*** Block opens ***
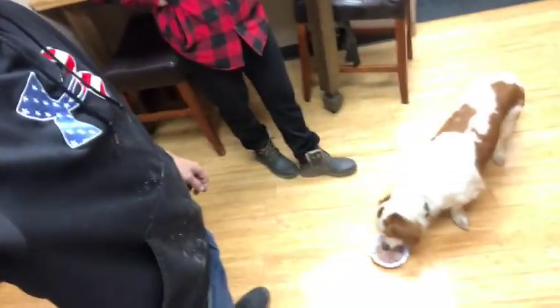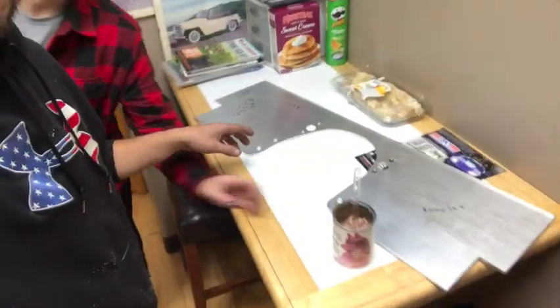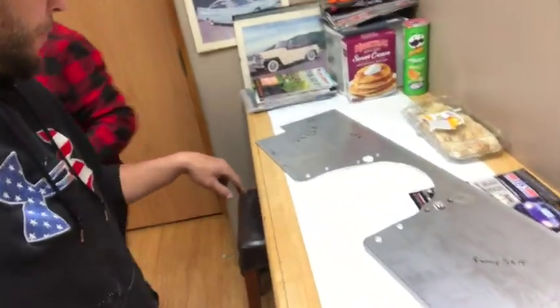So here we go — as Rex enjoys his beef liver, Maddie and I are going to talk about the front motor plate that we're getting ready to do. This is just your typical big black Chevy motor plate.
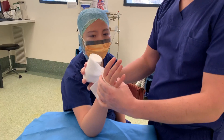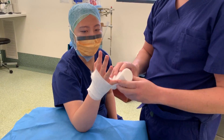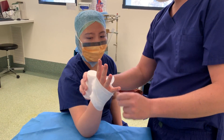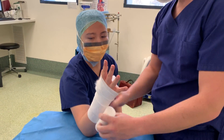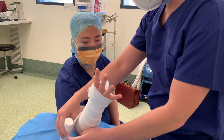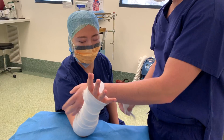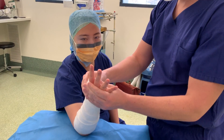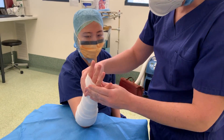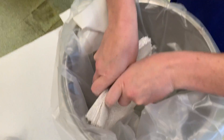The next step is to apply padding. We're using the 10cm size softband in this video. We start by making a small hole in the middle for the thumb, then place the thumb through and begin wrapping around the arm with 50% overlap each time to ensure adequate padding. The application should be firm but not tight. The softband has to cover outside to where the plaster will be, so we can fold it back onto the plaster later.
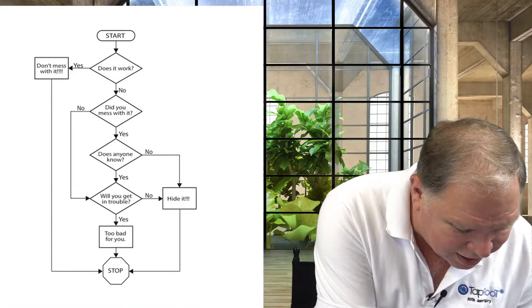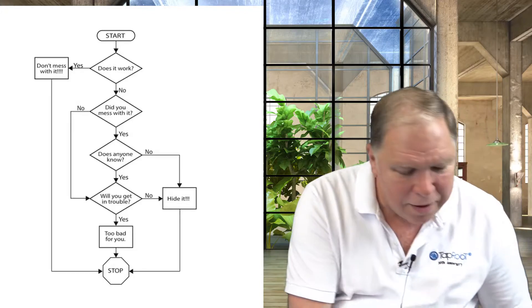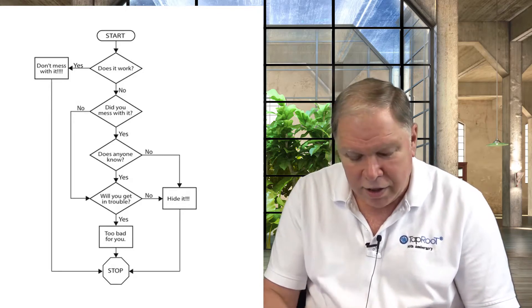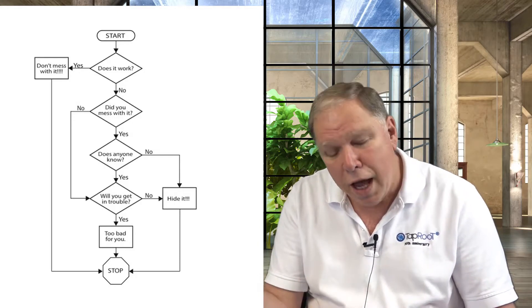I've got one more joke to put in. We'll put a little shot here of a troubleshooting table. The way the troubleshooting table works — and I'll talk you through it — you start off by asking a question: does it work? And if it works, don't mess with it. There's a little stop sign at the bottom, and that's where you stop. If it's working, don't mess with it. But if it's not working, did you mess with it?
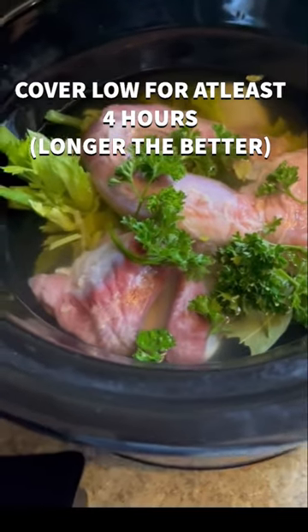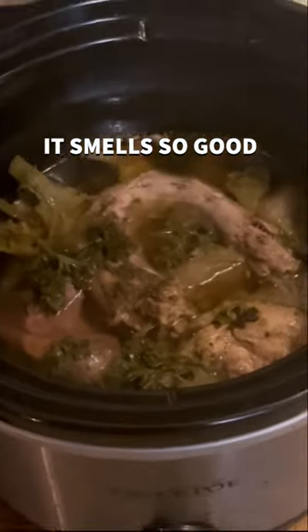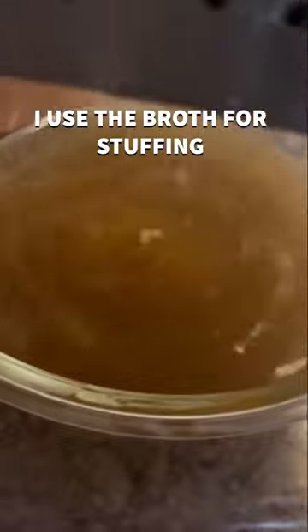Then I put some fresh parsley on top before I lid it up. I'm going to keep it on low for minimum four hours — you can go longer if you want. I went about six to seven hours, and then when you feel like it's done, go ahead and strain it out and use that stuff for stuffing. It's going to be good.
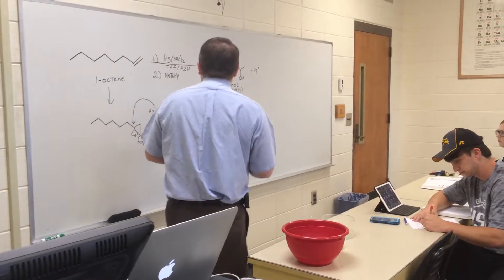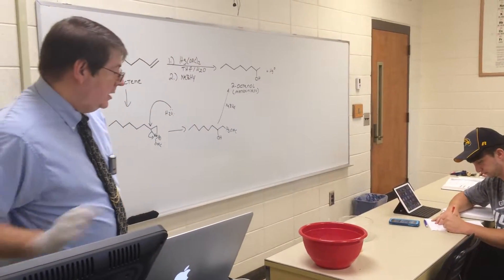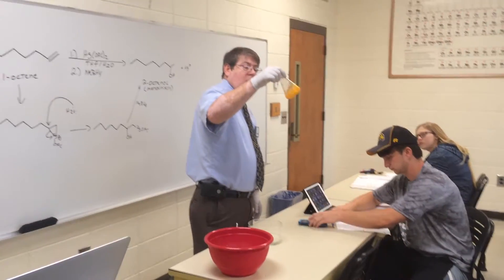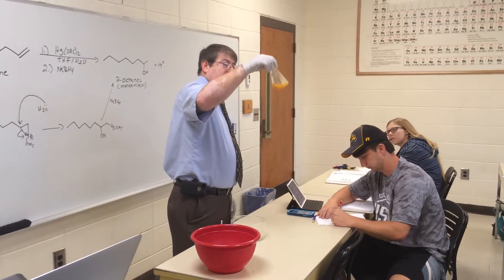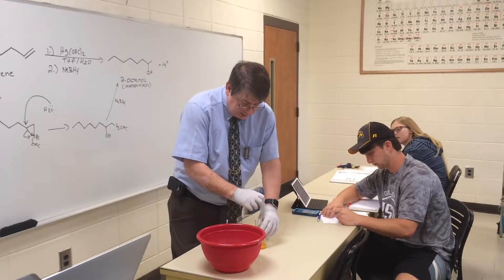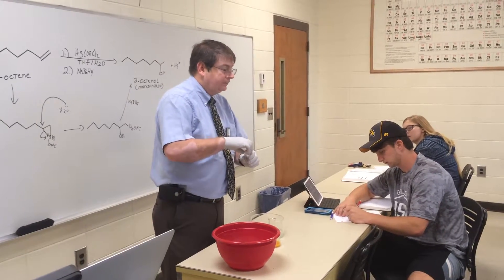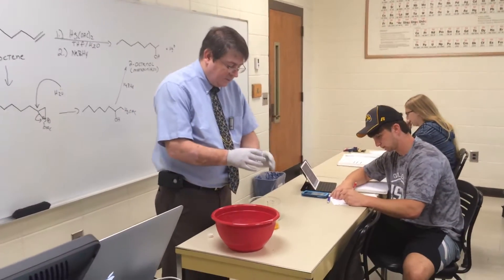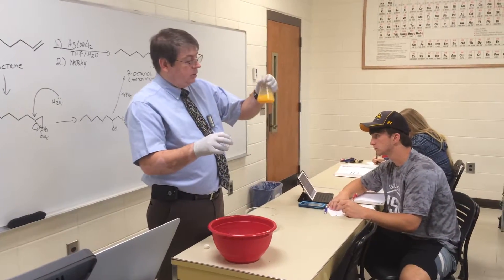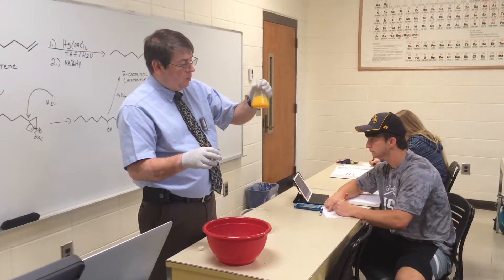That mercury metal is going to fall out of solution. So we're going to do this reaction as a demonstration. In this Erlenmeyer flask I have 20 milliliters of water with some mercury acetate in it — you can tell it's kind of orangish colored. To that I'm going to add 20 milliliters of THF. The purpose of the THF is to help everything be soluble, since THF is water soluble and will help make the solution homogenous when we add the 1-octene.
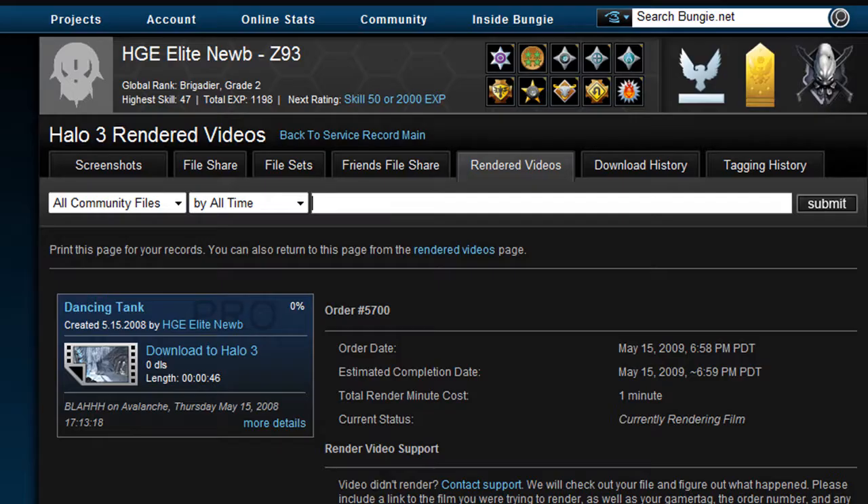Bungie released the Render to Video beta, which converts downloaded films from your file share into WMV files on your computer. You do need Bungie Pro to access this beta. Right now it's not really free — it's free but limited by minutes, kind of like points, and you just have to wait each month.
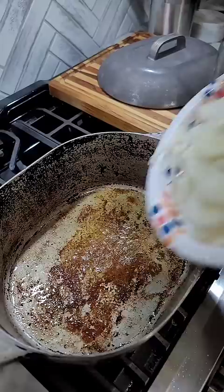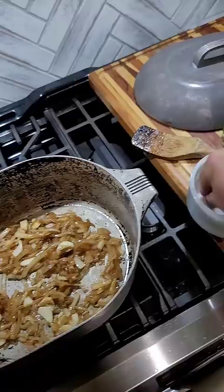Seven steak is just a cross-section of a chuck roast, and all we do is season and brown those. Set them aside, add onion, sauté until almost caramelized, making sure you get that fond up.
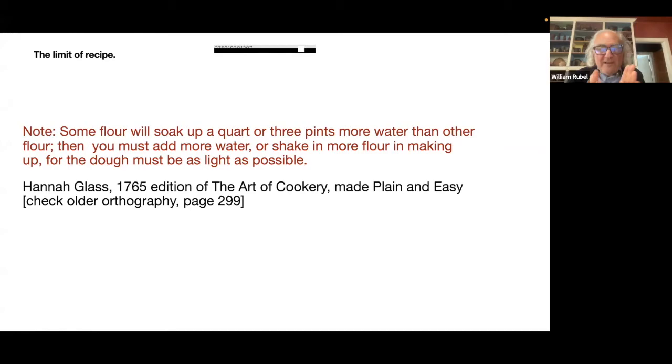But we're talking about recipes today, and this poses a fundamental problem to writing bread recipes. Recipes are often — and we're going to watch this process develop — becoming, and are certainly now, very, very precise: put in this amount of water, this amount of that. I'm teaching you baker's math — it's 60% water, not 61, not 59, not 63. Well, that's probably not really true.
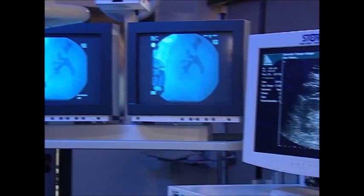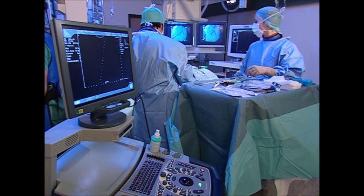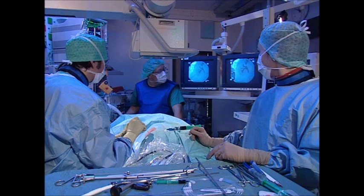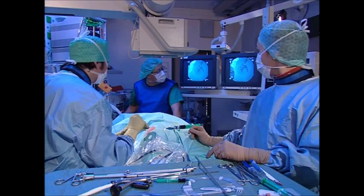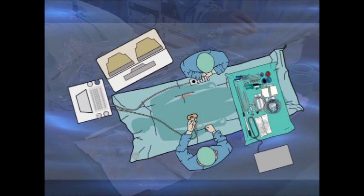Being connected to the endoscopy monitor, the ultrasound unit can be located some distance away from the surgical field. The team, consisting of the surgeon and scrub nurse, must be able to reach the surgical field comfortably. This permits effective and fatigue-free surgery, so that the duration of the operation can be optimized.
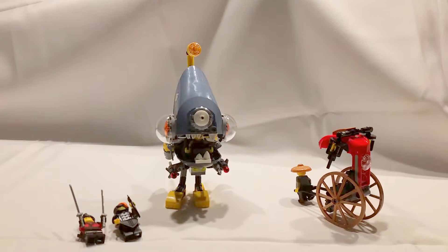This is P and J Productions doing their next review. This is the set that I've been waiting for forever — it is the Piranha Chase! As you can see, we've got three or four minifigs and two builds, which is the rickshaw and of course the weird-looking piranha thing.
*** Block closes ***
▸ ACTIVITY
Print the material above once more, exactly. No pictures belong in it.

▸ SOLUTION FOR THIS EXERCISE
So here we go — as Rex enjoys his beef liver, Maddie and I are going to talk about the front motor plate that we're getting ready to do. This is just your typical big black Chevy motor plate.
The next step is to apply padding. We're using the 10cm size softband in this video. We start by making a small hole in the middle for the thumb, then place the thumb through and begin wrapping around the arm with 50% overlap each time to ensure adequate padding. The application should be firm but not tight. The softband has to cover outside to where the plaster will be, so we can fold it back onto the plaster later.
I've got one more joke to put in. We'll put a little shot here of a troubleshooting table. The way the troubleshooting table works — and I'll talk you through it — you start off by asking a question: does it work? And if it works, don't mess with it. There's a little stop sign at the bottom, and that's where you stop. If it's working, don't mess with it. But if it's not working, did you mess with it?
Then I put some fresh parsley on top before I lid it up. I'm going to keep it on low for minimum four hours — you can go longer if you want. I went about six to seven hours, and then when you feel like it's done, go ahead and strain it out and use that stuff for stuffing. It's going to be good.
That mercury metal is going to fall out of solution. So we're going to do this reaction as a demonstration. In this Erlenmeyer flask I have 20 milliliters of water with some mercury acetate in it — you can tell it's kind of orangish colored. To that I'm going to add 20 milliliters of THF. The purpose of the THF is to help everything be soluble, since THF is water soluble and will help make the solution homogenous when we add the 1-octene.
Bungie released the Render to Video beta, which converts downloaded films from your file share into WMV files on your computer. You do need Bungie Pro to access this beta. Right now it's not really free — it's free but limited by minutes, kind of like points, and you just have to wait each month.
Seven steak is just a cross-section of a chuck roast, and all we do is season and brown those. Set them aside, add onion, sauté until almost caramelized, making sure you get that fond up.
But we're talking about recipes today, and this poses a fundamental problem to writing bread recipes. Recipes are often — and we're going to watch this process develop — becoming, and are certainly now, very, very precise: put in this amount of water, this amount of that. I'm teaching you baker's math — it's 60% water, not 61, not 59, not 63. Well, that's probably not really true.
Being connected to the endoscopy monitor, the ultrasound unit can be located some distance away from the surgical field. The team, consisting of the surgeon and scrub nurse, must be able to reach the surgical field comfortably. This permits effective and fatigue-free surgery, so that the duration of the operation can be optimized.
This is P and J Productions doing their next review. This is the set that I've been waiting for forever — it is the Piranha Chase! As you can see, we've got three or four minifigs and two builds, which is the rickshaw and of course the weird-looking piranha thing.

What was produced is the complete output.